*** Exercise data

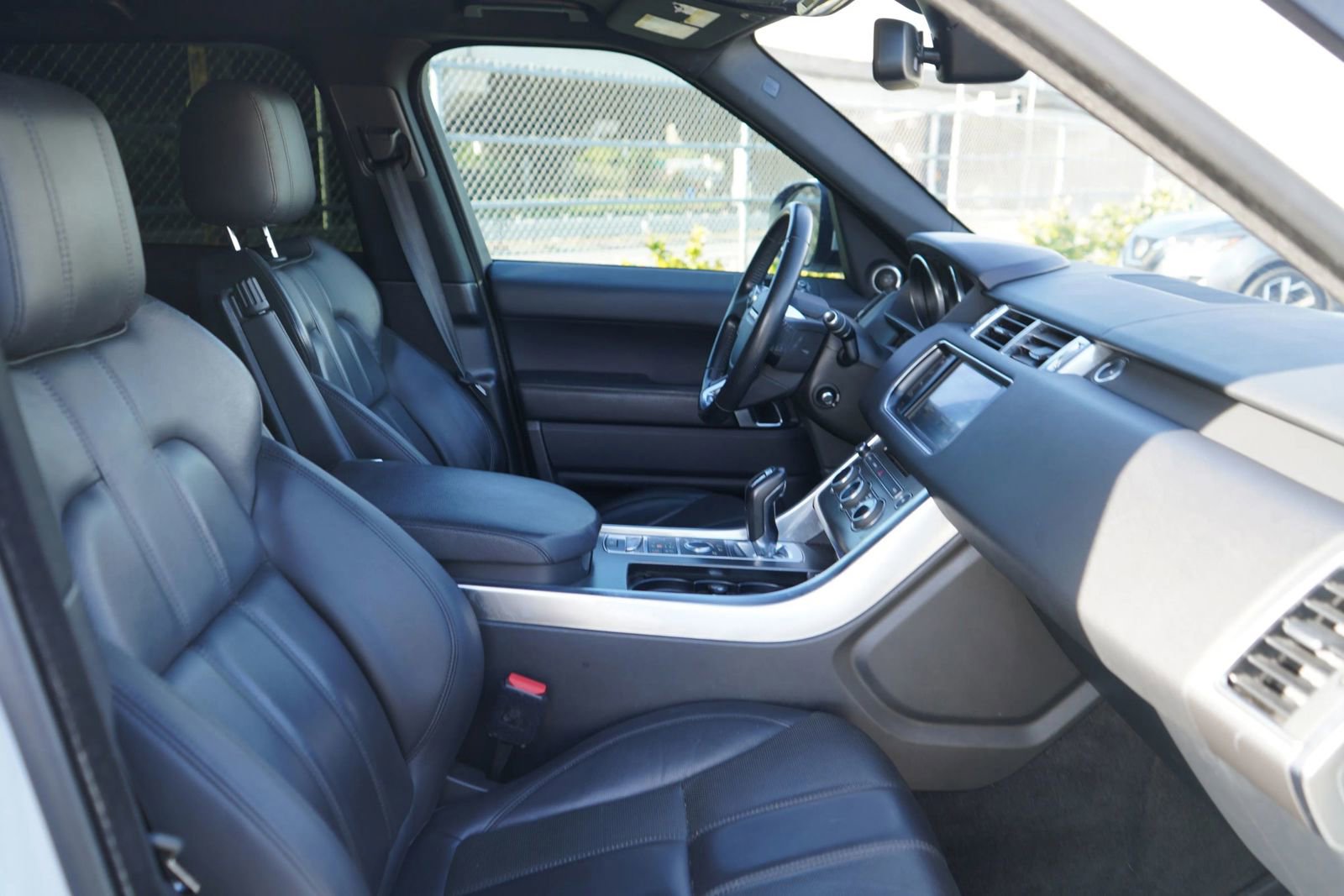 Used 2016 Land Rover Range Rover Sport SE image 18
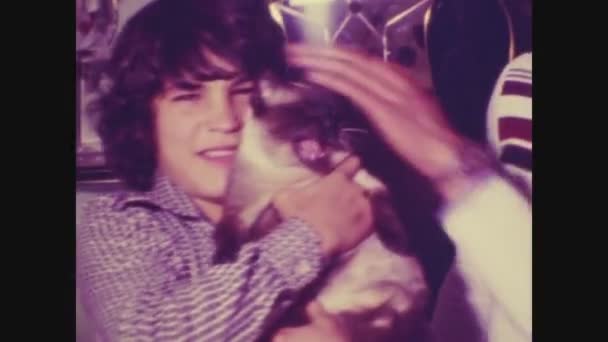 1970年12月 意大利帕塞尔莫 70年代青少年爱抚猫 — 图库视频影像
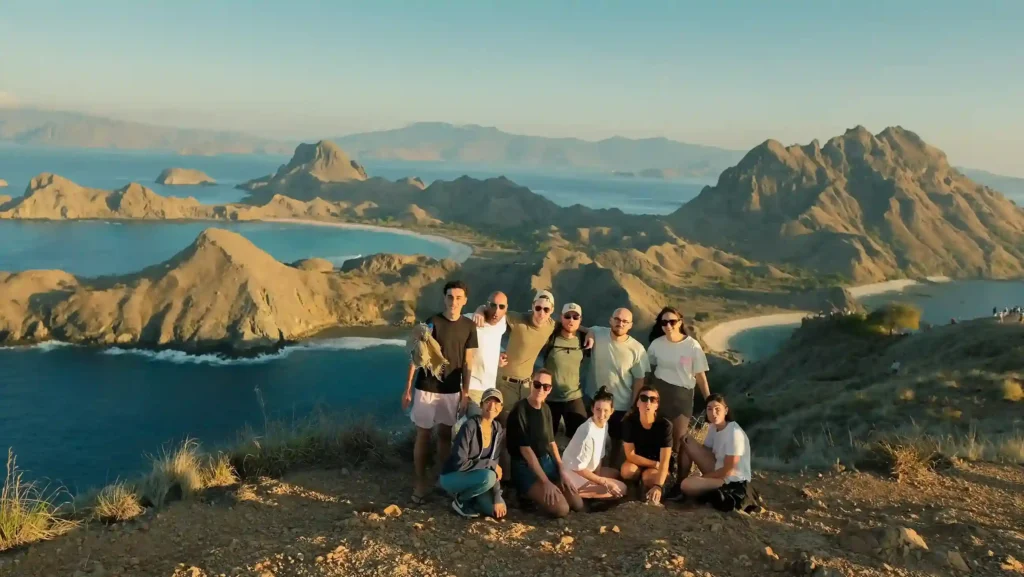 Ide Foto Grup di Pulau Padar | Paket Dokumentasi Trip Labuan Bajo | Labuan Bajo Productions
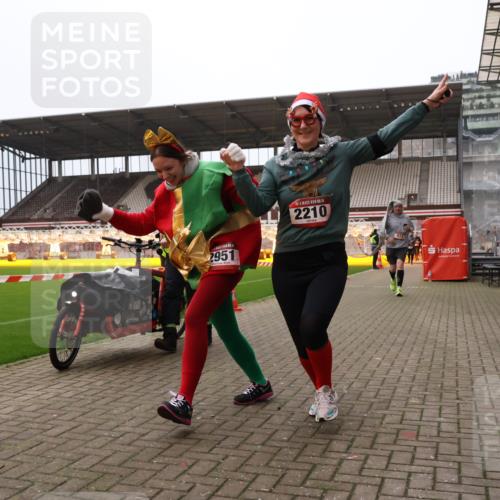 08.12.2024 - St. Pauli X-Mass-Run No. 14 Yannick Fuchs http://msf.ph/oto/7475162 08.12.2024 10:09:49 Ziel 152, 290, 361, 513, 1227, 2210, 2951 meine-sportfotos.de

******

→ What to work on
Line by line, reproduce exactly the lines from the one containing "1970年12月 意大利帕塞尔莫 70年代青少年爱抚猫 — 图库视频影像" through the final line of the material, both included, leaving every picture out.

→ Your solution
 1970年12月 意大利帕塞尔莫 70年代青少年爱抚猫 — 图库视频影像
 Ide Foto Grup di Pulau Padar | Paket Dokumentasi Trip Labuan Bajo | Labuan Bajo Productions
 08.12.2024 - St. Pauli X-Mass-Run No. 14 Yannick Fuchs http://msf.ph/oto/7475162 08.12.2024 10:09:49 Ziel 152, 290, 361, 513, 1227, 2210, 2951 meine-sportfotos.de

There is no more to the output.